Philadelphia, PA – In auto racing, accidents happen very often, and sometimes wrecks can result in a driver suffering injuries.
Auto racing is without a doubt a dangerous sport, and drivers are faced with enormous risks, no matter what racing circuit it is or which racetrack they're competing.
But some drivers are taking too many risks when they do too much racing.
Tony Stewart's injury from a crash during a sprint car event on Monday night at Southern Iowa Speedway brought into question whether drivers should partake in racing that doesn't fall within the scope of their regular curriculum.
One other question has been raised. Has sprint car racing become too dangerous? The safety of that sport has been debated since 37-year-old Jason Leffler died from injuries he sustained in a crash during a sprint car race at Bridgeport Speedway in Swedesboro, N.J. almost two months ago.
There have been numerous fatalities that have occurred in sprint car races this year, including Leffler and most recently Kramer Williamson, who died this past Sunday after being injured in an accident at Lincoln Speedway in Abbottstown, Pa. the day before.
Stewart, a three-time NASCAR Sprint Cup Series champion, broke his right tibia and fibula when his car flipped multiple times during a wreck in the sprint car race at the half-mile dirt oval in Oskaloosa, Iowa. Stewart's leg injury required immediate surgery. His recovery likely will take several months.
The 42-year-old Stewart loves to race a lot. In fact, he had planned on competing in more than 100 events this year.
But Stewart has had his share of bad luck in sprint car competition lately. Last week, he avoided injury when he flipped several times during a wreck at Ohsweken Speedway, a dirt track in Ontario, Canada. On July 16, Stewart caused a crash that involved 15 drivers during a race at Canandaigua Motorsports Park in Brewerton, N.Y. Stewart took blame from the accident that sent 19-year-old Alysha Ruggles to the hospital with a compression fracture in her back.
During a press conference last weekend at Pocono Raceway, the site of the Sprint Cup race, Stewart addressed his recent accidents in the sprint car events.
"I guarantee you there were 15-20 guys across the country that flipped just like that this weekend and were just fine just like we were," Stewart said. "If it's bad we will let you guys know. That was not bad at all. I raced the next night and ran fifth in the World of Outlaw race. It was not bad."
Stewart will not compete in this weekend's race at Watkins Glen International. Road course expert Max Papis will substitute for Stewart in the No. 14 Chevrolet there. It's not known at this time how many more races Stewart will miss.
The injury likely will end any hopes of Stewart making this year's Chase for the Sprint Cup championship. With five races to go before the Chase begins, he is 11th in the point standings, just five points behind 10th-place Greg Biffle. Stewart currently holds one of the two wild card positions due to his one win this season, which came on June 2 at Dover.
"I think what Tony is going to go through is pretty bad," driver Juan Pablo Montoya said during a NASCAR teleconference on Tuesday. "After what happened to Leffler earlier in the year, everybody was like, ooh, do we want to keep racing sprint cars and stuff. I'll tell you, NASCAR really does a very good job for safety. The truck standards, the car standards are so much better today. I've been here for seven years, and seven years ago it was good, and nowadays with the new cars, the cars are really, really safe.
"I feel really comfortable. Not having Tony there this weekend, it's a shame, because he's always a contender. He always runs well (at Watkins Glen). He's going to be missed."

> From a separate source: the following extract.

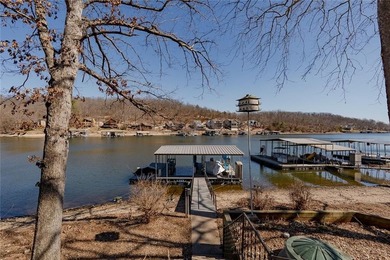 Nestled at the 8 MM in Buck Creek Cove, this lakefront retreat - photo 3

Over the years, some team owner have prohibited their drivers from competing in additional races for fear that an injury might sideline them. But Stewart is the co-owner of his team, allowing him to determine whether or not he does additional racing.
"When an injury happens to a driver of Tony's magnitude -- one of the sport's most visible superstars -- such as when Dale Earnhardt's death spawned safety innovations, everyone takes a closer look," three-time Cup champion and NASCAR on FOX analyst Darrell Waltrip said. "We already were questioning the wisdom of racing in other series, especially sprint cars. But I think Tony's injury probably is the straw that broke the camel's back.
"Some owners and drivers now might decide it's too risky and curtail this. When Tony has time to evaluate everything, he might come up with some safety innovations that could make sprint car racing safer. Anytime something like this happens to someone like Tony, everyone will benefit down the road."
Stewart remained in the hospital on Tuesday for further observation. He will need additional surgery.
"I told someone to go get my phone or else I was going to get up and get it myself," Stewart said in a posted message on his website. "Finally got reconnected to the world and just want to say thank you for all the prayers and well wishes. My team will remain strong and I will be back."